Since there will be no bimonthly meeting of the newly-formed Parks & Recreation Commission, PlanPhilly caught up with Commissioner Michael DiBerardinis in a brief phone chat. The next scheduled meeting is Wed., Sept. 15 at the Central branch of the Free Library.

So, what’s going on these days?
We’re deep in operations mode. We’re running things with fervor and desperation! This is high season crunch-time for us, so we’re very program-driven right now.

And are you working on the merger?
Oh, yes! In the next four or five months, we’re going to be moving people and shops and storage facilities. We’re creating new districts and we need new district managers.
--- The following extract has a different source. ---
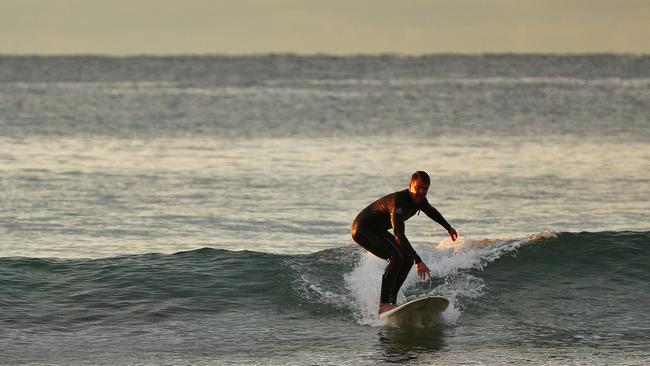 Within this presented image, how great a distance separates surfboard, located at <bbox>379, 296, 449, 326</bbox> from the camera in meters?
15.1

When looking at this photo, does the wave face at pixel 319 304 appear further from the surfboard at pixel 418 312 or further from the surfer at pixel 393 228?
the surfer at pixel 393 228

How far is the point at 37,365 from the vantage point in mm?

This is a very serious unification process. We’re going from nine rec districts and six Fairmount Park districts to eight unified ones. The parks and rec staff will be mixed on all levels, hopefully in a thoughtful and smart way.
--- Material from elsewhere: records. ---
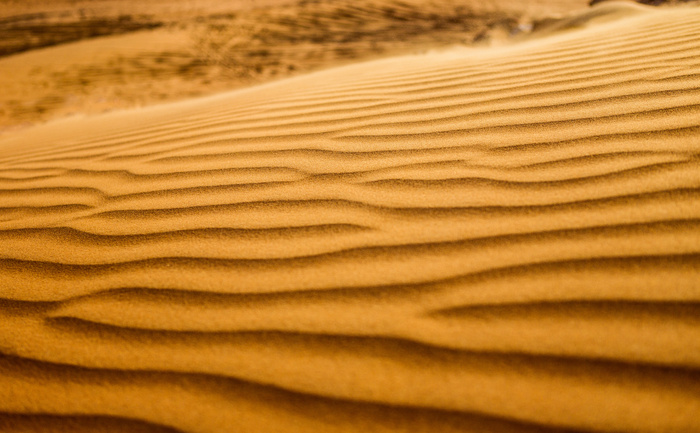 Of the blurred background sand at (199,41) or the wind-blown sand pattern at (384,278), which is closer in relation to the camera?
the wind-blown sand pattern at (384,278)

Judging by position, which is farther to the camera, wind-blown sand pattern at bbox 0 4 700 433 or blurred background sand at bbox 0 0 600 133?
blurred background sand at bbox 0 0 600 133

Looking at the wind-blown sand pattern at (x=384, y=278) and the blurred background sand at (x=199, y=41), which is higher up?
the blurred background sand at (x=199, y=41)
Will there be a smaller staff overall, then?
Well, the merger was never billed as a shrinkage of departments — both historically and from a peer perspective, they’ve always been understaffed as it is. Mainly we hope people will just be re-deployed, but yes there will be efficiencies. We have lost staff over the last two years, and that will likely be the case for this year.

How are you making do with the budget?
The first unified budget is only four or five days old, but we’re forming and acting on the new structures that were set up after we talked to people all over the city last year. We’re moving forward with the set of operational imperatives and strategic objectives that resulted from those discussions.

What are they?
In the end, it’s the basics: safe, clean, and fully functional parks and rec centers. Our objectives include, as you know, a cohesive youth development program, programs to better connect people to the outdoors, 500 additional acres of open space, and 300,000 new trees.

Will it all happen?
Looking out over the next six years, yes. These things are all measurable and do-able. If you have a shorter view, you’ll fail. The data and research on public sector mergers say it takes at least three or four years for the shakeout to occur.

Taking a look at one project, the trees, how many new ones will we see in the ground by the end of this year?
We’re shooting for 10,000-15,000. That’s our goal, and I think we’ll do it.

In the end, how will this merger benefit the city?
Hopefully, it will mean better service, higher quality, better maintenance and more access. Which will, we hope, transfer into more use.